CBS' announcement that Stephen Colbert would take over "The Late Show" next year when David Letterman retires leaves a huge gap in Comedy Central's marquee lineup.
For nearly a decade, "The Colbert Report" has been a trusty follow-up to "The Daily Show with Jon Stewart" and the pair delivered a formidable one-two punch that became one of the main sources of turmoil for rivals in the late-night TV race.
The Comedy Central duo - Stewart as the quick-witted liberal and Colbert with his faux persona as a conservative gasbag - seemed so locked in that there was no room for John Oliver, a correspondent who emerged as host material himself when he filled in for Stewart on "The Daily Show" last summer.
But with no openings on Comedy Central, Oliver departed the Viacom-owned network last year to headline a new program at HBO, which is owned by Time Warner Inc. Oliver's new weekly satire show on HBO, "Last Week Tonight With John Oliver," debuts April 27.

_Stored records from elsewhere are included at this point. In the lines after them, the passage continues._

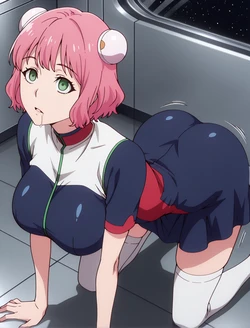 (Dittogirls) [PATREON] Aries Spring [Ai Generated]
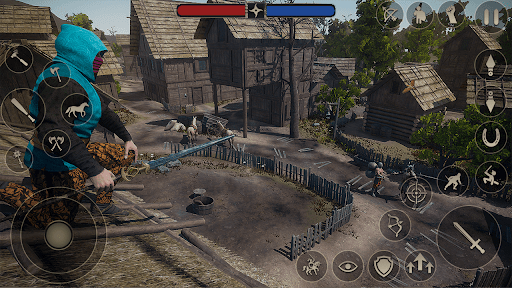 Ninja Samurai Assassin Creed PC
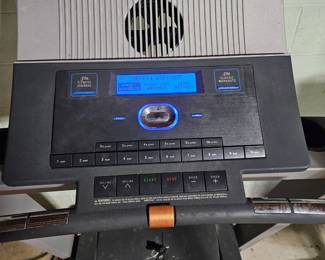 NordicTrack A Folding Treadmill second image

It was unclear Thursday morning just how long the Colbert-to-CBS move has been in the works. CBS played its cards close to the vest, in large part because of CBS Chief Executive Leslie Moonves' respect for Letterman.
Moonves and others at CBS, including CBS Entertainment Chairman Nina Tassler, also were slightly horrified by the messy late-night transitions at NBC and didn't want a repeat of that.

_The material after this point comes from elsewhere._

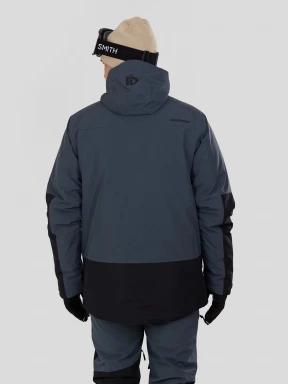 Fundango Baily ECO Allmountain Jacket herren skijacke grau 3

However, Colbert replacing Letterman had been a scenario whispered about in media circles long before Letterman announced his decision last week to step down.
There was at least one strong clue that Colbert had been in the wings to replace Letterman for some time. In the summer of 2012, both Colbert and Stewart renewed their contracts with Comedy Central.

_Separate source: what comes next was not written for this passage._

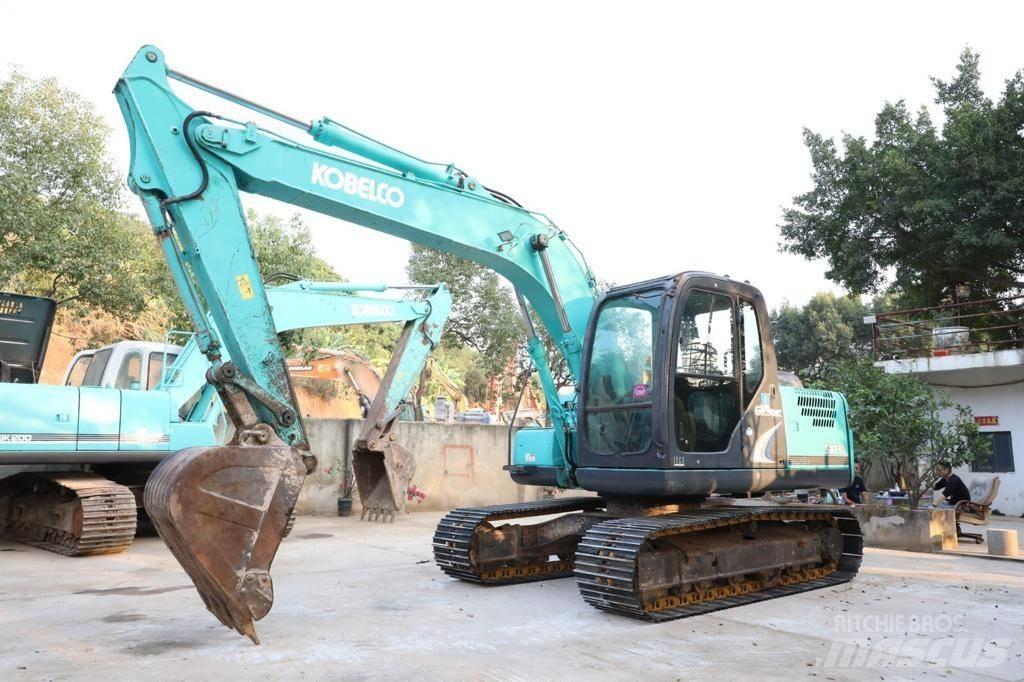Kobelco SK130 Midibagger  7t - 12t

While Stewart's deal was extended for three years, until September 2015, Colbert got a shorter extension, to the end of this year, just in time to move over to CBS and "The Late Show."
He is expected to continue to anchor "The Colbert Report" for another eight months before shaking off his conservative pundit shtick for the new gig. at CBS.
The succession plan for Letterman is the latest shift in a rapidly changing late-night landscape driven, in large part, by the success of Stewart and Colbert at Comedy Central.
Young viewers preferred Stewart and Colbert to the programs on the broadcast networks and that played a part in ABC and NBC's moves to overhaul their late-night blocks to try to capture that audience, which is prized by advertisers.
ABC placed Jimmy Kimmel at 11:35 p.m. bumping "Nightline" into the wee hours. NBC moved out Jay Leno to make way for Jimmy Fallon at "The Tonight Show." Leno stepped down in February.
Comedy Central was mum on a Colbert replacement, saying only that it wished Colbert the very best.
Letterman echoed that sentiment:
"Stephen has always been a real friend to me. I'm very excited for him, and flattered that CBS chose him. I also happen to know they wanted another guy with glasses."